Estos días hemos visto cómo las rachas de levante producen en las playas finas tormentas de arena

Este verano será de levante, la gente de la mar lo sabe, hay signos que lo preludian y nadie como los marineros, cuya vida depende de los vientos, las corrientes, las mareas, los cielos, las nubes, los temporales y las estrellas, para predecir la meteorología, mucho mejor que los programas televisivos y las aplicaciones informáticas. Más en Cádiz, ciudad marinera situada desde hace milenios en el centro de todos los mares, justo en la bocana de una luminosa y serena bahía redondeada; «sobre esta escollera siempre ha debido existir una ciudad» comentó el catedrático de la Politécnica madrileña Gabriel Ruiz Cabero al presentar mi libro ‘Cádiz: Un Paseo’; María Teresa León emplea la metáfora ‘barco de piedra’ para definirla, aunque yo prefiero hablar de Palacio Marino, tal como la podría haber descrito Dino Buzzati. Todo gaditano de casta es perito en vientos, y sabe bien que el fresco y húmedo poniente es el aire dominante, pero por lo común se teme al levante, un viento racheado, cálido y seco, particularmente incómodo en verano. Recuerdo que al poco de llegar con mi familia hasta aquí, nos visitó tío Luis, un montañés de mundo que tuvo la mala suerte de pasar su estancia en Cádiz bajo una pertinaz ventolera del este que ni siquiera respetó ese dicho popular: «levante que juevea no dominguea»; aquel hombretón del norte juró no regresar nunca a ciudad tan castigada por las cóleras del dios Eolo.

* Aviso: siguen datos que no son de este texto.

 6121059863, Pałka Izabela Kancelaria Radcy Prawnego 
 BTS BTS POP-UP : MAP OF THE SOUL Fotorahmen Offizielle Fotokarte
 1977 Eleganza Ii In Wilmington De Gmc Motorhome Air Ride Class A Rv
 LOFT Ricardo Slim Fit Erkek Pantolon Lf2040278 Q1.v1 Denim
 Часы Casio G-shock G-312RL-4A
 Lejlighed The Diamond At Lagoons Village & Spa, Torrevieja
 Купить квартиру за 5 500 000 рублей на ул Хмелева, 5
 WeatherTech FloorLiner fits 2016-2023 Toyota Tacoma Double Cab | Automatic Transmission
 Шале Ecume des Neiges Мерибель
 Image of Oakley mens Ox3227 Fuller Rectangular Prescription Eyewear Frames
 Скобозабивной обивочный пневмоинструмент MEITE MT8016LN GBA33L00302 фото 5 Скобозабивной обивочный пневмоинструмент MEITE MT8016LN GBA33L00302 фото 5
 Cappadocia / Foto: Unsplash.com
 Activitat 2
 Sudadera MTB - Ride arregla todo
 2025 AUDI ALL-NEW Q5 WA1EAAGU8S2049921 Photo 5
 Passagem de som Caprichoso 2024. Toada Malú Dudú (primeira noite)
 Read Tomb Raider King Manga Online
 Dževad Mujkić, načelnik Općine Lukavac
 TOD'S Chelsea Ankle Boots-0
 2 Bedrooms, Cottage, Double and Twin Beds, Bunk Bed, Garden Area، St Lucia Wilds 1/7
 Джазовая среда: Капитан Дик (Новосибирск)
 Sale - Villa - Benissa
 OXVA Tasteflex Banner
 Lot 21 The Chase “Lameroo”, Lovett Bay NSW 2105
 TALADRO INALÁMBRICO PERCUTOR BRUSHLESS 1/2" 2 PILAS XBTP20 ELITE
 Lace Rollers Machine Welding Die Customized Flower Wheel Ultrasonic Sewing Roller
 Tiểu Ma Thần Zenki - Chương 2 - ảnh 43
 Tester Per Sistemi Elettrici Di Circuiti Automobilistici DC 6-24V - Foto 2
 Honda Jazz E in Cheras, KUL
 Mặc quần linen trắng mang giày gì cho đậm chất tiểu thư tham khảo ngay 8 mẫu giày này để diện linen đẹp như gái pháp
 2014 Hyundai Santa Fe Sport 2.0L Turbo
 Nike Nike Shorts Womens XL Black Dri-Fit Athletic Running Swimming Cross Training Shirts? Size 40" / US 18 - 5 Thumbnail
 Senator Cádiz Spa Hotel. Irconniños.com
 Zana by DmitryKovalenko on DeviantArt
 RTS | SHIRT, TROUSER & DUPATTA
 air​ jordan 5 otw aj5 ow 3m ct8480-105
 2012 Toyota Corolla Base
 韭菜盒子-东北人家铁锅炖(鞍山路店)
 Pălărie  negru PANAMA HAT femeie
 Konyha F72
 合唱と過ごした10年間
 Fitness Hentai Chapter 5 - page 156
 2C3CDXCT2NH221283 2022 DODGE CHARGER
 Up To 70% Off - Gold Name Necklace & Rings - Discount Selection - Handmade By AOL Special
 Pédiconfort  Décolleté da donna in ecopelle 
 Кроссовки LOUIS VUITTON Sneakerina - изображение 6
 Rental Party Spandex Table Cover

Pues Cádiz es producto no solo de los mares sino también de sus vientos, la incomodidad de cierto levante estival compensa los temporales de ese poniente tendido que llena de humedad las tabernas portuarias donde los marineros ahogan a golpe de manzanilla en rama las penalidades de largas travesías. Lorena procede de la campiña sevillana y lleva muchos años trabajando en Cádiz, ella explica cómo convive mejor con las calores secas propias de los días de levante, frente a lo mal que lleva la fría humedad salobre y pegajosa que llega habitualmente desde el océano; contra la opinión de muchos, disfruta los momentos de ‘levante en calma’, cuando aún no se perciben los golpes del viento pero sí cierta calidad ambiental como consecuencia del control de la humedad relativa del aire.

Estos días hemos visto cómo las rachas de levante producen en las playas finas tormentas de arena, lo cual retrae a gente que así pierde las delicias del agua de mar cuando sopla el viento procedente del interior, pues sin duda las olas del levante resultan más placenteras, frente a la incomodidad de los arenales. Por otra parte, las historias de presuntos trastornos emocionales producidos por estos vientos pueden carecer de estricto fundamento; cosas parecidas se dicen de la tramontana en el Ampurdán, del terral malagueño, o de los alisios en la isla de La Palma; aunque sí puede atribuirse a los países de vientos fuertes que la gente hable alto. Puestos a escoger, me quedo también con las noches de levante en calma, como aquella en la cual conocí a Lorena, feliz con su faldita corta y sus sandalias de tacón que descalzó para pasear de mi mano por la dilatada playa oceánica de Cádiz, tiempo antes de una desacertada decisión municipal de iluminarla como si se tratara de un estadio de fútbol en partido nocturno. Por suerte, la medida ha sido revocada, y la arena acoge de nuevo a los amores ocasionales que el susurro de los vientos de levante propician.